Mais la France ne compte pas seulement sur l’organisation des grands événements. Une politique de formation et de soutien de jeunes dirigeants à la tête des grandes fédérations a été engagée. « La diplomatie sportive ne peut se résumer à l’accueil des grands événements, explique Carole Gomez. Il faut former les dirigeants capables d’imaginer le sport de demain et les placer à la tête des institutions. » « Nous avons établi une vraie stratégie de conquête pour que des Français n’hésitent plus à postuler à des fonctions internationales, confirme Denis Masseglia, président du Comité national olympique et sportif français (CNOSF). Près d’une trentaine de personnes ont été formées pour conquérir des postes clés. Il n’y a pas de mystère : pour être influent, il faut être en situation de responsabilité. »

Pour assurer la présence de ses représentants dans les institutions les plus puissantes, la France s’est déjà permis quelques concessions à « l’esprit sportif ». Membre du Comité international olympique (CIO) depuis 1996, le champion olympique du 110 m haies 1976 et ancien ministre, Guy Drut, a été condamné à quinze mois d’emprisonnement avec sursis pour emploi fictif, en octobre 2005.

Suspendu du CIO, l’ex-athlète n’avait réintégré l’instance qu’après l’amnistie accordée par Jacques Chirac, en juin 2006. « Cette mesure pourra lui permettre de reprendre sa place au sein de cet organisme afin d’y poursuivre son action dans l’intérêt du sport olympique et de la France », justifiait alors le ministre de la justice, Pascal Clément. Le geste d’un « prince d’une république bananière », pour Noël Mamère, député (Les Verts) à l’époque.

Tony Estanguet, vice-président de la commission des athlètes du CIO, et Jean-Christophe Rolland, président de la fédération internationale d’aviron, ont, depuis, rejoint Guy Drut au sein de l’instance. Le premier, figure de la candidature Paris 2024, doit prochainement prendre la présidence du comité d’organisation de l’événement.

« Il y a un grand ménage à faire »

Président de l’Union cycliste internationale depuis septembre 2017, David Lappartient est devenu, avec M. Rolland pour l’aviron, l’un des deux présidents français d’une fédération olympique. Soumis au devoir de neutralité inhérent à sa fonction, celui qui est aussi maire (Les Républicains) de Sarzeau, dans le Morbihan, ne cache pas l’influence diplomatique dont jouissent les dirigeants des instances internationales : « Mon passeport reste français : en accédant à ce poste, je deviens un outil au service de notre diplomatie. Sans avoir à prendre parti politiquement ni se rendre coupable de conflit d’intérêts, je peux faire passer des messages [de personnalités françaises] lorsque je rencontre des dirigeants étrangers, des chefs d’Etats. »

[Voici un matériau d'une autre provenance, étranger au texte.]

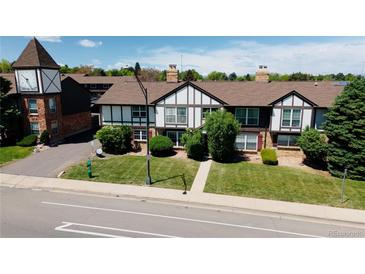 Charming townhome exterior with well-maintained landscaping and a distinctive clock tower feature at 3825 S Monaco Pkwy # 111, Denver, CO 80237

Si le Breton reconnaît que ses compatriotes ont longtemps souffert du « French bashing » et d’une « réputation de donneurs de leçon », David Lappartient se réjouit de voir la France devenir, selon lui, une « synthèse, une passerelle entre les mondes anglo-saxon, asiatique, russe et arabe ».

Après les soupçons de corruption émaillant la désignation de grandes compétitions (Rio 2016, Tokyo 2020, Coupe du monde de football 2014, au Brésil, et 2022, au Qatar), les dernières campagnes semblent privilégier des pays « traditionnels » du paysage sportif, disposant déjà d’infrastructures modernes et d’une assise financière réputée pérenne. Une reconfiguration bienvenue pour la France, dont les dossiers vantent maîtrise budgétaire et absence d’« éléphants blancs » – bâtiments construits pour les JO puis tombés depuis en décrépitude, comme à Athènes ou Rio.

« Il y a un grand ménage à faire après les scandales à répétition, préconise Valérie Fourneyron. Les dernières désignations privilégient des acteurs qui ne font pas du sport le seul levier de leur influence dans le monde [Paris 2024, Los Angeles 2028]. On revient à la raison. » Avec un budget prévisionnel de 6,6 milliards d’euros, Paris 2024 tentera de faire mentir la « malédiction du vainqueur » et l’explosion des dépenses constatée lors des derniers JO.